We read a disturbing article this week in my college English class at University of Houston.  The article, titled, “Don’t Refloat”, by Jack Shafer, was about the reasons that New Orleans, Louisiana should not be rebuilt.  As everyone may know, New Orleans was pretty much demolished five years ago by Hurricane Katrina.  While most have been sympathetic, Shafer felt that New Orleans is, “A poor place, with about 27 percent of the population of 484,000 living under the poverty line, and it’s a Black place, where 67 percent are African-American.”

Shafer actually presented these statistics as reasons to not rebuild New Orleans.  This line of thinking could only be senseless, racist, or both.  One could reasonably justify refraining from rebuilding an economically depressed city in order to boost the GNP.  However, in presenting the skin color of a people as reason to abandon reassembly, Mr. Shafer presents himself as a narrow-minded bigot.

Shafer went on to list the percentages of single mothers in poverty, adults with no high school diploma, and Black students in New Orleans public schools as further reasons to forget about reconstruction.  He did not for a moment in his text examine the social background behind these statistics, much of which trace to American slavery, the Jim Crow Era, and the recent standards by which New Orleans has been handled, considering that it’s so, “poor and Black.”

To further demonstrate the atrocities practiced on New Orleans residents, one may read an account directly from Shafer’s article which states, “Researchers enlisted the police in an experiment last year, having them fire 700 blank gun rounds in a New Orleans neighborhood one afternoon.”  Police fired seven hundred blank gun rounds in a neighborhood where children lived in the afternoon.  Could you imagine walking up to the curb to get your children off the school bus and hearing 700 gun rounds fire out of nowhere?  As you look around, you notice men in black uniforms on the rooftop with glints of silver flashing from their chest pockets.  They are holding the guns.  The police are seemingly shooting down at your children.

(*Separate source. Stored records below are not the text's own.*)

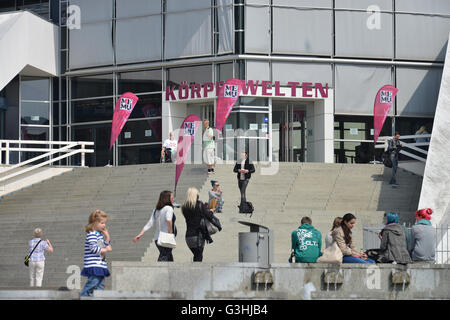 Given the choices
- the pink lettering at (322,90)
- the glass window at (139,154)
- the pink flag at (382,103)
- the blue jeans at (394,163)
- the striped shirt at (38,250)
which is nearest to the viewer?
the striped shirt at (38,250)

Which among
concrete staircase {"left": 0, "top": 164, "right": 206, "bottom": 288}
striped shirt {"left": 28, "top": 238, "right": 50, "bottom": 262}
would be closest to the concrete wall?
striped shirt {"left": 28, "top": 238, "right": 50, "bottom": 262}

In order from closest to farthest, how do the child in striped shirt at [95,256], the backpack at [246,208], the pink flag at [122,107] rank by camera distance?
the child in striped shirt at [95,256], the backpack at [246,208], the pink flag at [122,107]

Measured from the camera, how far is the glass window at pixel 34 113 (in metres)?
36.5

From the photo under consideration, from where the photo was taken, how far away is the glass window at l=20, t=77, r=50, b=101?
3672 cm

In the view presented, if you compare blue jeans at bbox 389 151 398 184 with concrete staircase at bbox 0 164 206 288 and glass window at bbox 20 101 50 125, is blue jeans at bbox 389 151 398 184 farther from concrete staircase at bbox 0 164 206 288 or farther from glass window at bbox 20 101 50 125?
glass window at bbox 20 101 50 125

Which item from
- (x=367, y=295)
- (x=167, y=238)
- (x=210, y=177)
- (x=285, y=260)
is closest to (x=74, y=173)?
(x=210, y=177)

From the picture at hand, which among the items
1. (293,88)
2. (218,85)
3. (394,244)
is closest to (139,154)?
(218,85)

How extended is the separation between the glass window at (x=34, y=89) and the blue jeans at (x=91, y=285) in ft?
83.4

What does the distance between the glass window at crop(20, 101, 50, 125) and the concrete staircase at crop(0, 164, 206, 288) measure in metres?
7.57

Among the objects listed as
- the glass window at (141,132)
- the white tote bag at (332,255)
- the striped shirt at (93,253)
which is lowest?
the white tote bag at (332,255)

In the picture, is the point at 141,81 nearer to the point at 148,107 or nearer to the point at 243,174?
the point at 148,107

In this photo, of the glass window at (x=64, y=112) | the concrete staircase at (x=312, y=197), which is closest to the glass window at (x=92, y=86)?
the glass window at (x=64, y=112)

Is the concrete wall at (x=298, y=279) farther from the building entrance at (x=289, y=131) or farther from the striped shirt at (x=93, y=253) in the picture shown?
the building entrance at (x=289, y=131)

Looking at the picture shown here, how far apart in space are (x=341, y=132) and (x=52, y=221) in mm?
14464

Shafer attempts to establish residents not calling the police to report the police shooting blank rounds into the neighborhood as reason not to rebuild New Orleans.  He implies that residents do not trust the police.  No sane person who watched the police shoot 700 rounds of gunfire, blanks or not, into their community in the daytime is going to trust the police.  Mr. Shafer does not make a valid case.

It is sad to know that racism like Mr. Shafer’s still exists in 2010, but I am not surprised.  Many policy making officials must also feel this way, since much of New Orleans has still not been touched five years post-Katrina.  In a news segment a few days ago, I saw that the lab charts from 2005 were still hanging on the wall in New Orleans Charity Hospital.  As humans, we are all interdependent.  It would befit Mr. Shafer and others to move past these prejudices and see the reason why these statistics are the way that they are, so that we as a society can mend these ills and move forward in union.  We can only hope this ambition will be realized sometime soon.